Frauen sind da aber genauso gefragt, entweder, weil sie selbst schnell wieder arbeiten gehen oder ihren Männer nicht die Meinung zu sagen trauen. Oder, weil Frau und Mann erst gar nicht über die Situation reden und die gesellschaftliche Situation so hinnimmt. Aber nicht immer ist das, was die Masse macht, auch richtig. Jeder muss sich seines eigenen Verstandes bedienen und Situationen hinterfragen, auch wenn sie einen noch so richtig vorkommen.

Das Wirtschaftssystem dient nicht dem Menschen


Die Vollzeitarbeit, die unser Familienleben zerstört, ist kein privates Problem, sondern ein politisches. Also muss sich auch politisch was ändern. Es müsste ein Umdenken stattfinden, was die Familie, den Menschen ansich, wieder in den Mittelpunkt stellt und nicht das Geld. Hier muss klare Kritik am Kapitalismus geäußert werden. Der Kapitalismus frisst Menschen auf, raubt die Zeit der Menschen, entzweit Menschen und bringt eine fremdschädigende Konkurrenz mit sich. Kann diese Wirtschaftsform also dazu beitragen, glücklich und zufrieden zu werden? Wenn ich nur von meinem Kind getrennt bin? Ganz bestimmt nicht.

Ich war mal mit einem Kollegen essen und dieser fragte mich, woran ich gerade denke. Ich dachte in dem Moment an meinen Sohn, was er denn jetzt machen würde. Wo er mit Mama ist, wie es ihm geht, ob er gerade lacht oder schläft. Das sagte ich auch zu meinem Kollegen und dieser fragte zurück, ob das wie Verliebtsein ist, ein Kind zu haben. Damit hat er recht, es ist wie verliebt sein.

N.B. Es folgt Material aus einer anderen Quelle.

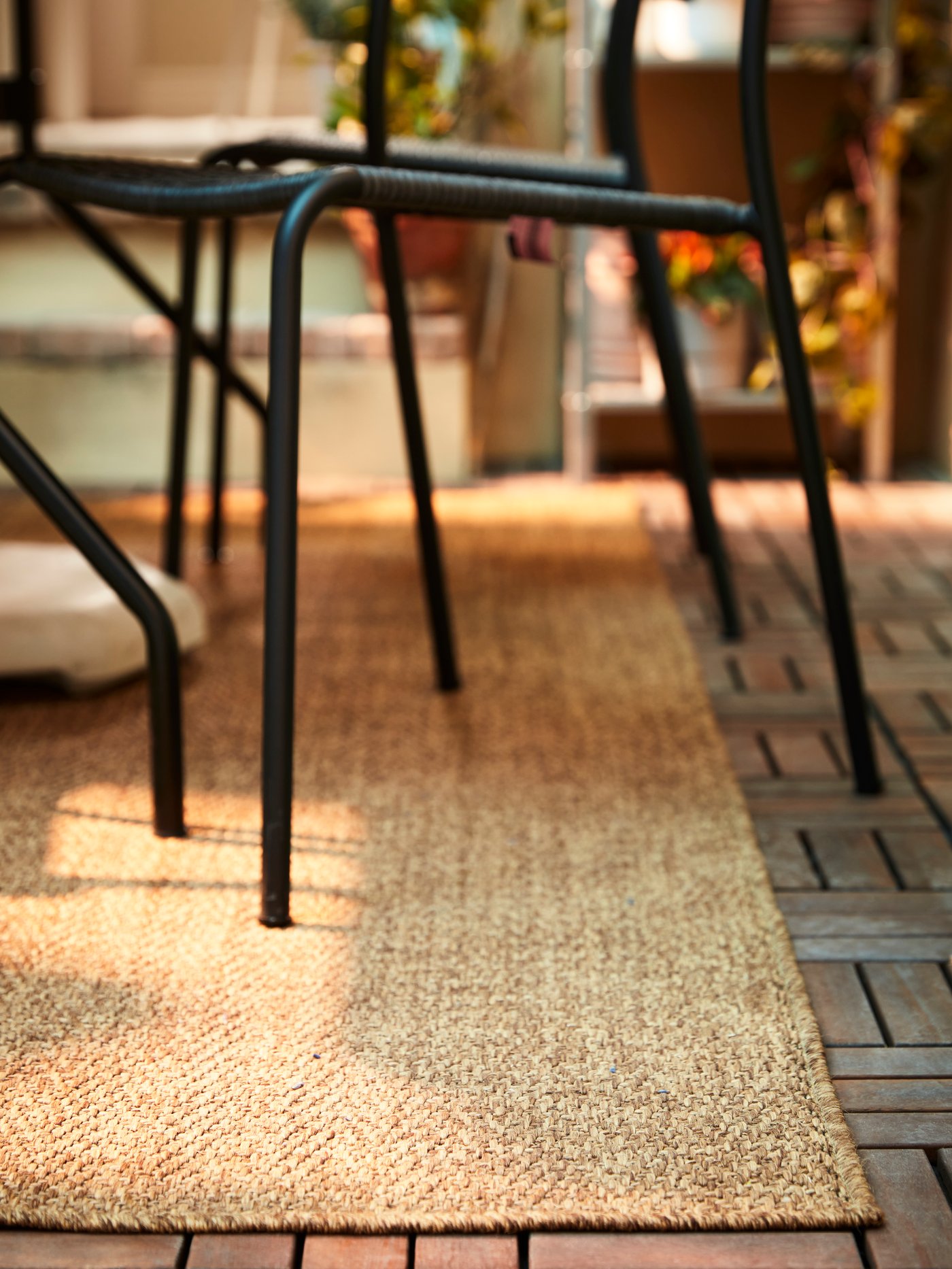 A brown LYDERSHOLM outdoor rug on a RUNNEN floor decking.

Mein Sohn spielt eine zu wichtige Rolle, ich trage Verantwortung für ihn. Dafür, dass er ein zufriedenes und sicheres Leben führen kann. Dazu gehört auch eine starke Familie und ich muss für ihn da sein. Die Arbeit hält mich davon ab und bringt mich in eine emotionale Misslage.

Was denkt ihr anderen Männer dazu? Könnt ihr Parallelen erkennen oder ist euch diese Thematik vollkommen fremd?